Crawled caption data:
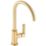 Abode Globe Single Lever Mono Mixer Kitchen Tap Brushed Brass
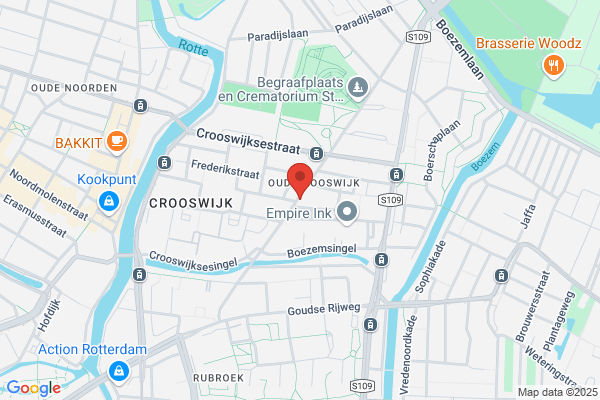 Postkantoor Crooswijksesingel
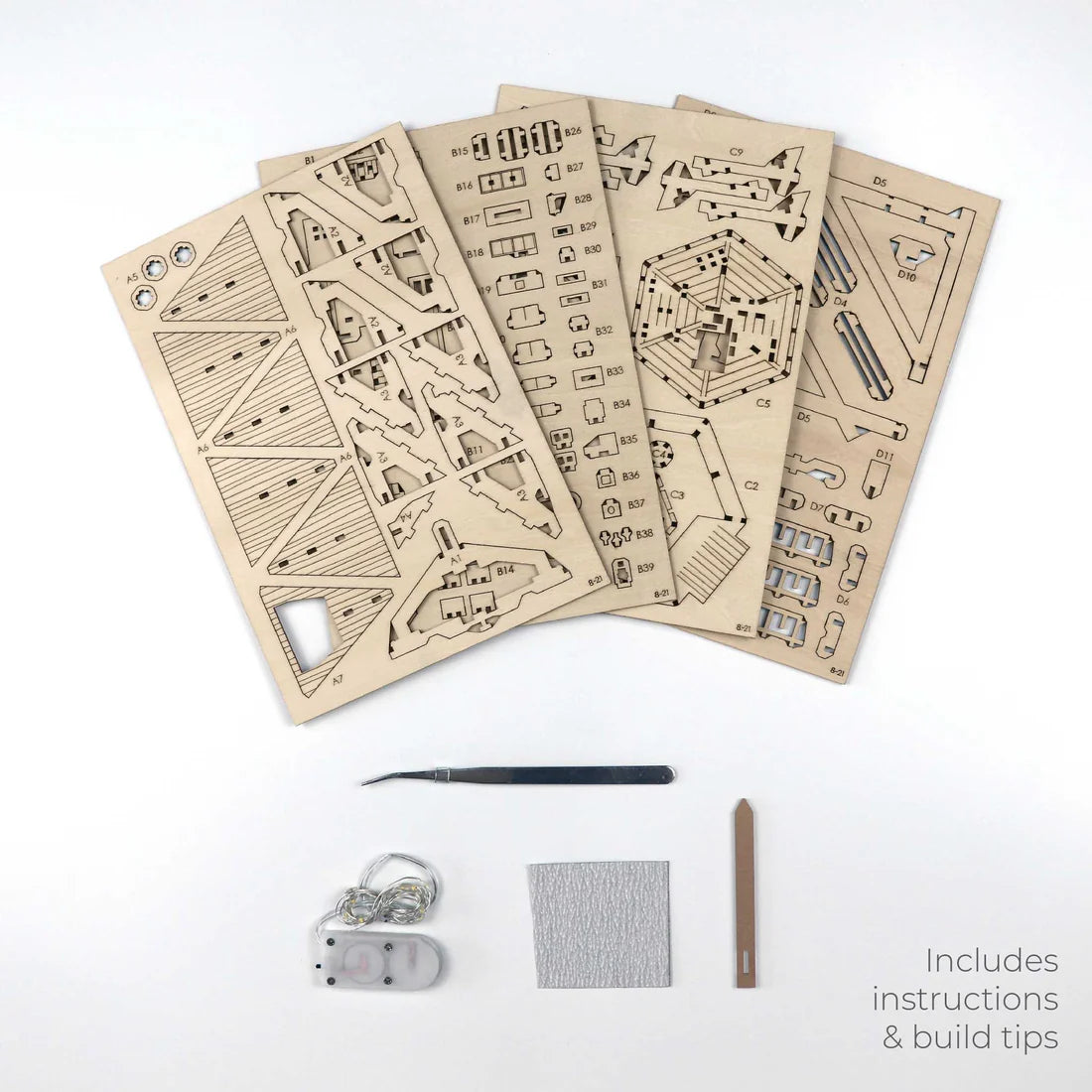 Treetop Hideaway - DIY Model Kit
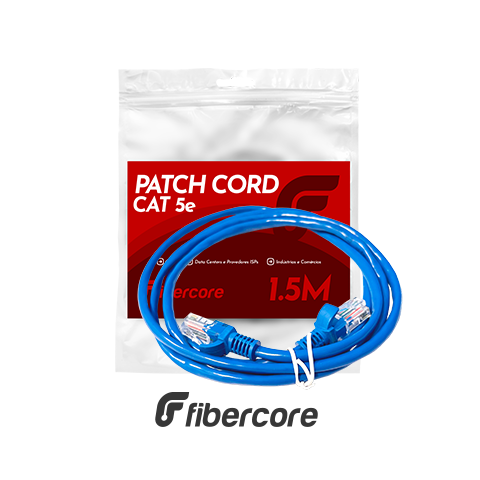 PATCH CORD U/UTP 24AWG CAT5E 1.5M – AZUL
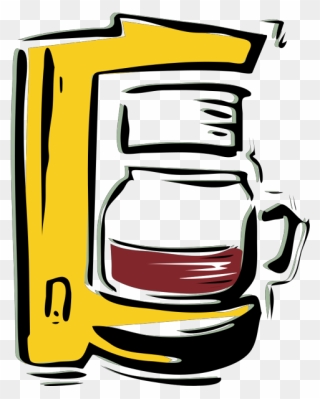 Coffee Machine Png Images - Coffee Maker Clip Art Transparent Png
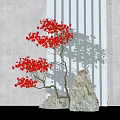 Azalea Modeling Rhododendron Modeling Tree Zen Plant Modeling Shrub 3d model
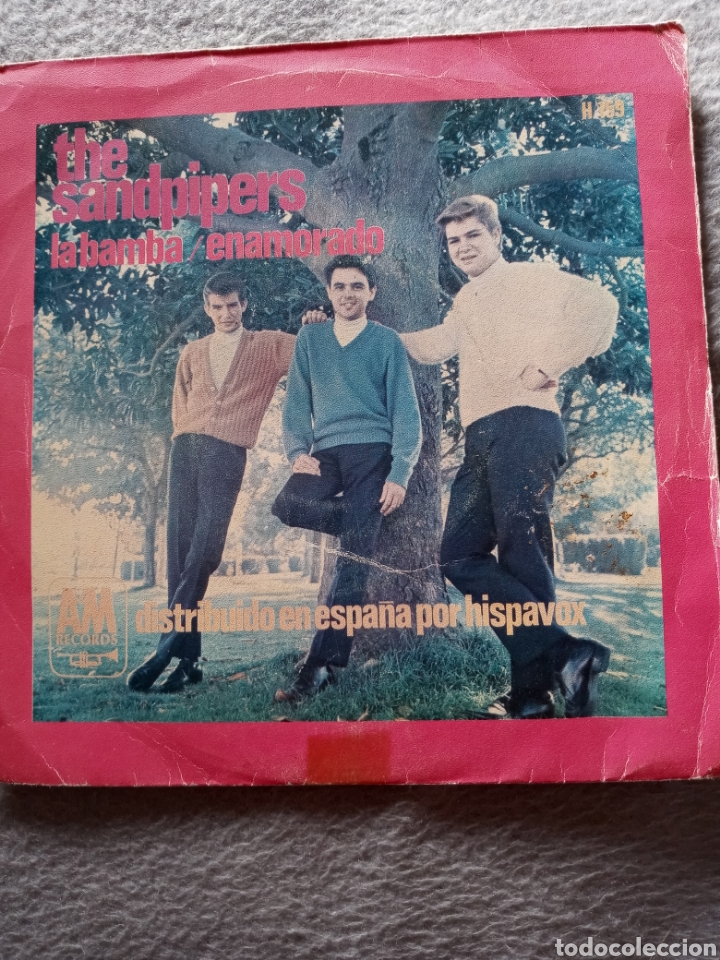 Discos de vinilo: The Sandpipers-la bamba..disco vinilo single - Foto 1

#### About this task
The expected output is the exact run of lines from the one containing "PATCH CORD U/UTP 24AWG CAT5E 1.5M – AZUL" through the final line of the data above, both ends included, with no pictures.

#### Response box
 PATCH CORD U/UTP 24AWG CAT5E 1.5M – AZUL
 Coffee Machine Png Images - Coffee Maker Clip Art Transparent Png
 Azalea Modeling Rhododendron Modeling Tree Zen Plant Modeling Shrub 3d model
 Discos de vinilo: The Sandpipers-la bamba..disco vinilo single - Foto 1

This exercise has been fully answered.